Your assignment: Copy out exactly the lines from the one containing "pool with reclining" through the end of the records, and no pictures.

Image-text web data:
_ _ _ _ _
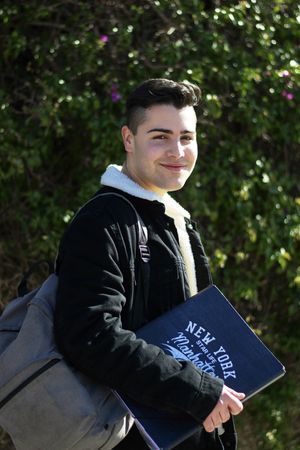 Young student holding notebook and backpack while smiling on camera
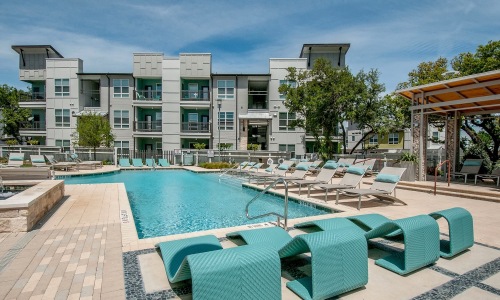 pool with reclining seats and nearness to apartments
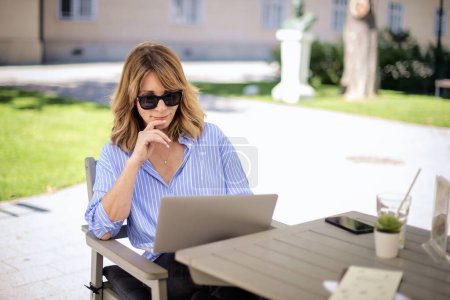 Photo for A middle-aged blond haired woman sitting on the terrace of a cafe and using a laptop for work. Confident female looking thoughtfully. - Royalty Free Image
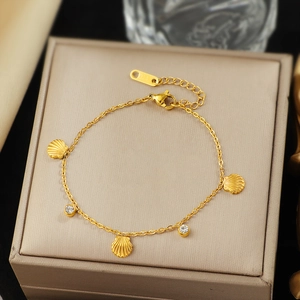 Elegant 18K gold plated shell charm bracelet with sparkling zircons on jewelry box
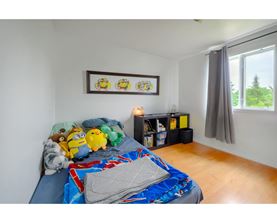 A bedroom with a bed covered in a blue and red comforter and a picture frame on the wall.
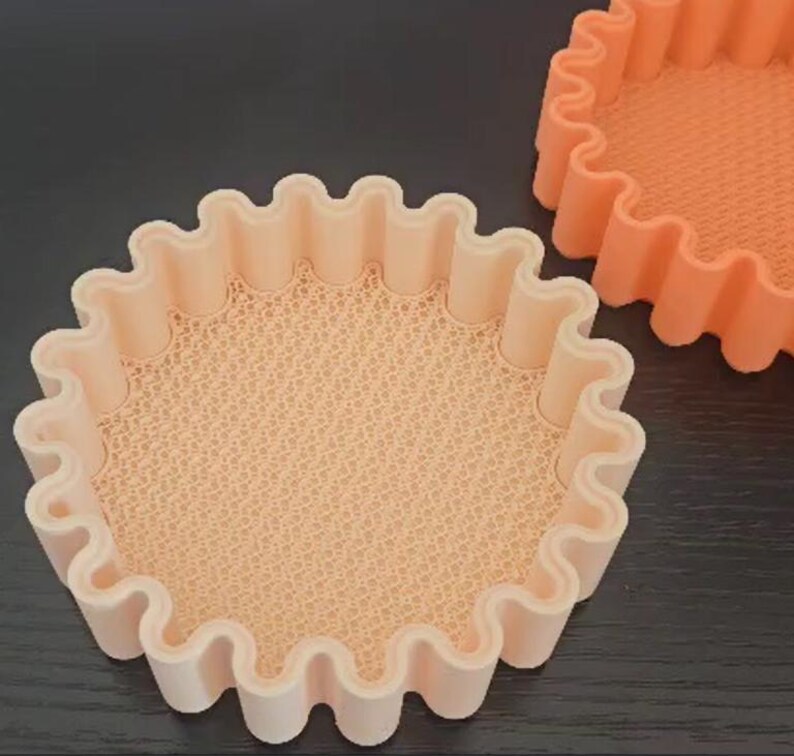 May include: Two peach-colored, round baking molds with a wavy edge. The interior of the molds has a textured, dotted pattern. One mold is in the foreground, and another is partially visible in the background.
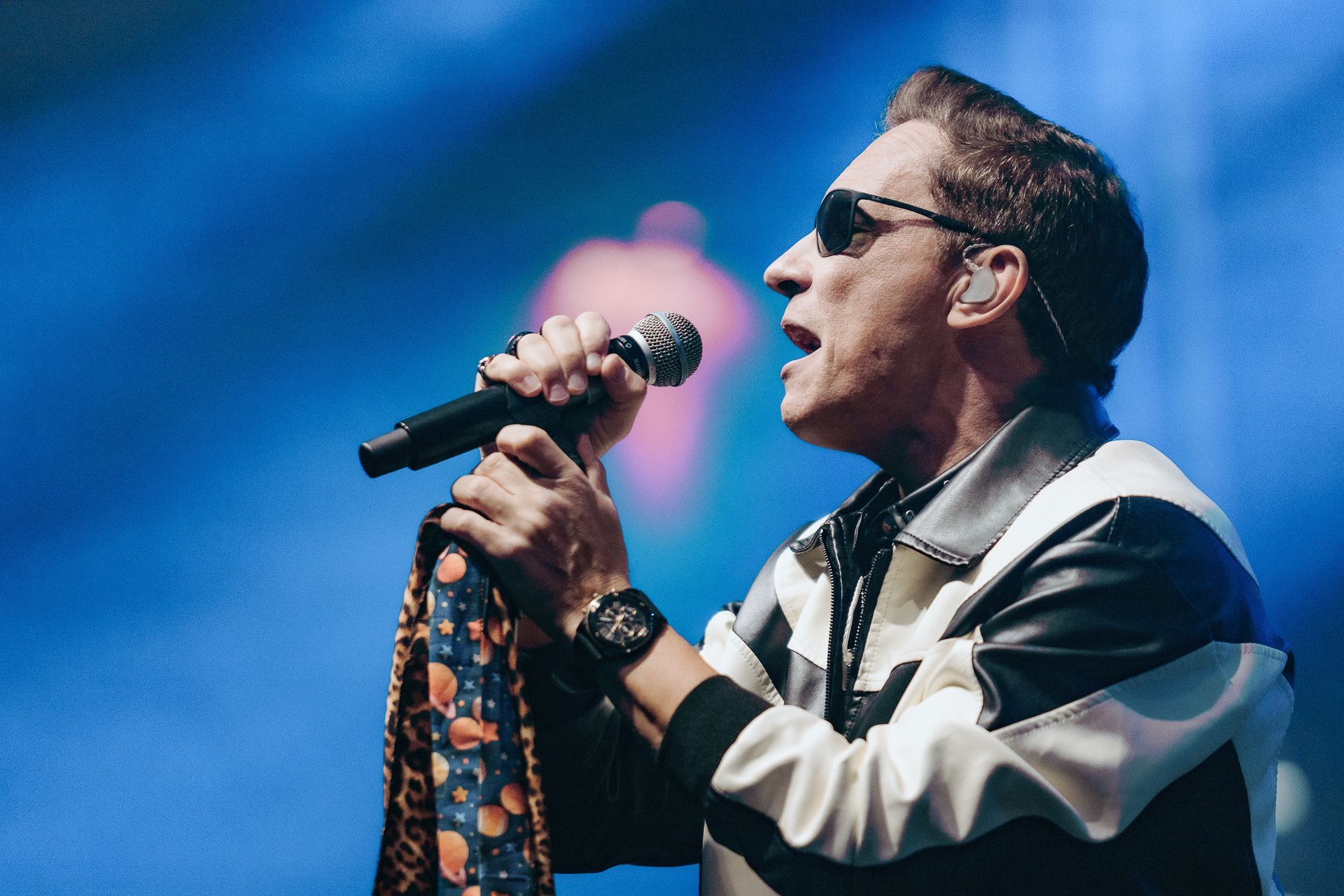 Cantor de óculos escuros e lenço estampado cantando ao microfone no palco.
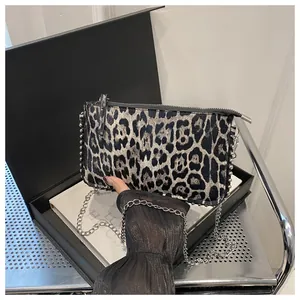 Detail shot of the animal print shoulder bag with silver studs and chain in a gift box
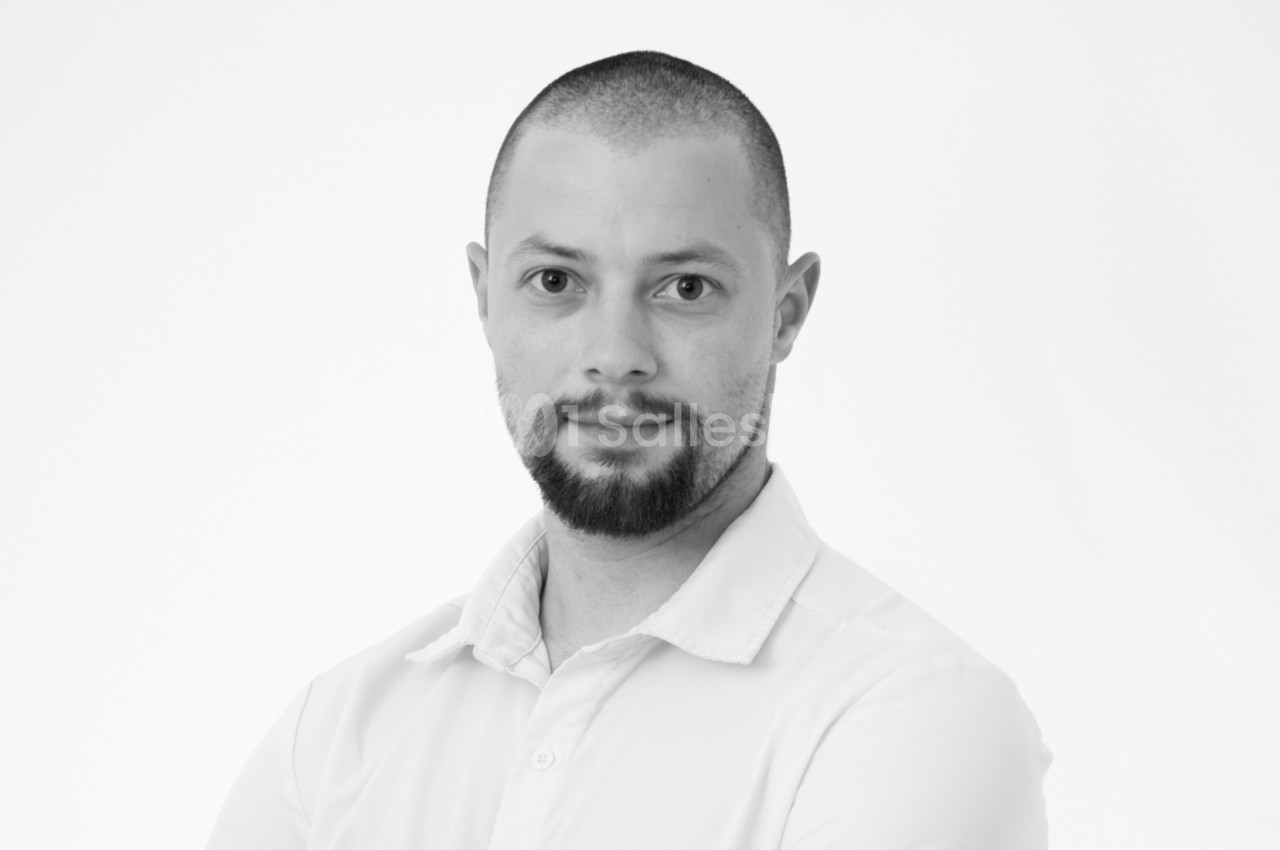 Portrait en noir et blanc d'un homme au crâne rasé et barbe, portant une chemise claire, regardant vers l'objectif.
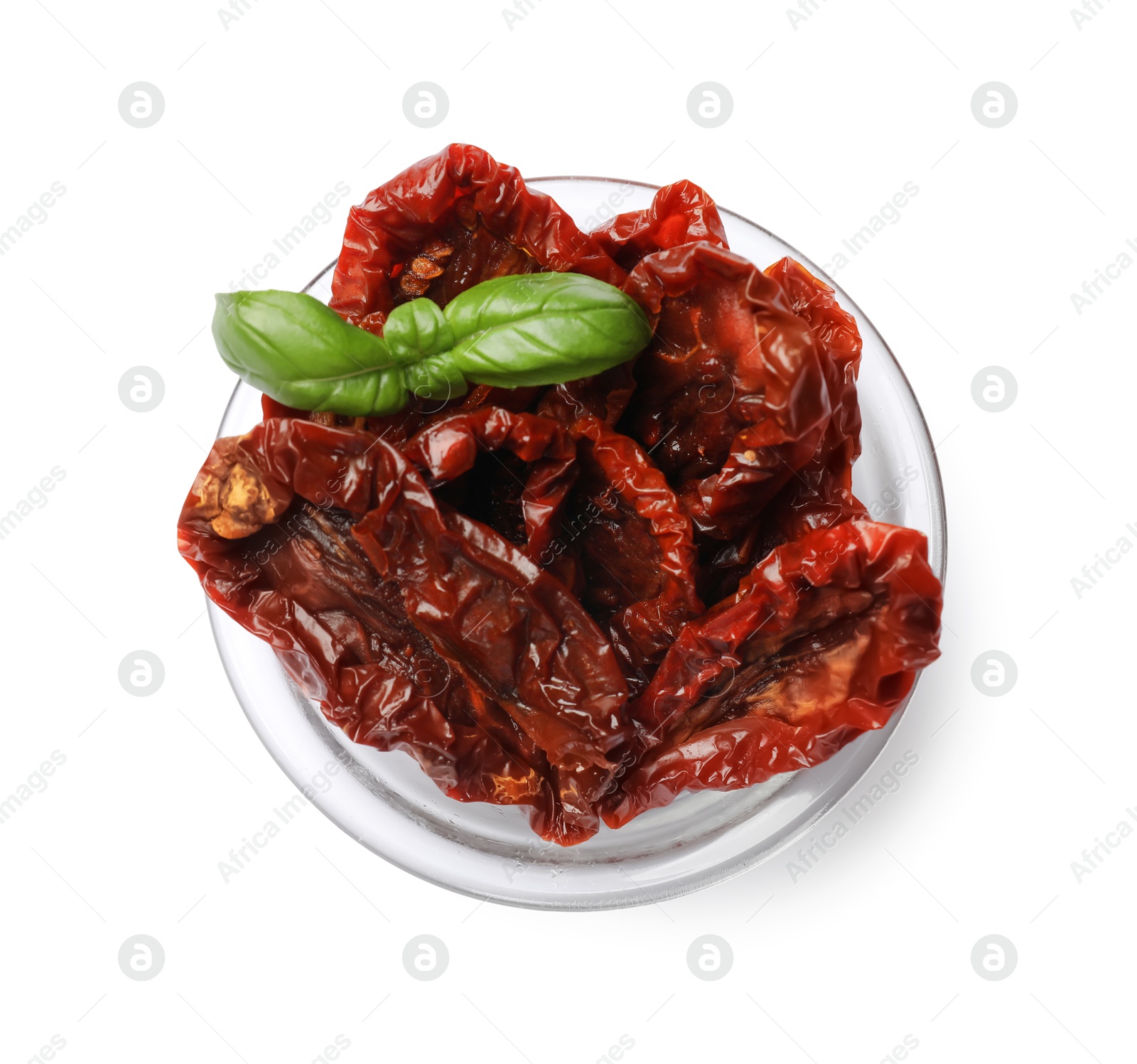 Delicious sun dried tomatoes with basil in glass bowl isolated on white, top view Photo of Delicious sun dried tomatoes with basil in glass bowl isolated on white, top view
_ _ _ _ _
Problem solution:
 pool with reclining seats and nearness to apartments
 Photo for A middle-aged blond haired woman sitting on the terrace of a cafe and using a laptop for work. Confident female looking thoughtfully. - Royalty Free Image
 Elegant 18K gold plated shell charm bracelet with sparkling zircons on jewelry box
 A bedroom with a bed covered in a blue and red comforter and a picture frame on the wall.
 May include: Two peach-colored, round baking molds with a wavy edge. The interior of the molds has a textured, dotted pattern. One mold is in the foreground, and another is partially visible in the background.
 Cantor de óculos escuros e lenço estampado cantando ao microfone no palco.
 Detail shot of the animal print shoulder bag with silver studs and chain in a gift box
 Portrait en noir et blanc d'un homme au crâne rasé et barbe, portant une chemise claire, regardant vers l'objectif.
 Delicious sun dried tomatoes with basil in glass bowl isolated on white, top view Photo of Delicious sun dried tomatoes with basil in glass bowl isolated on white, top view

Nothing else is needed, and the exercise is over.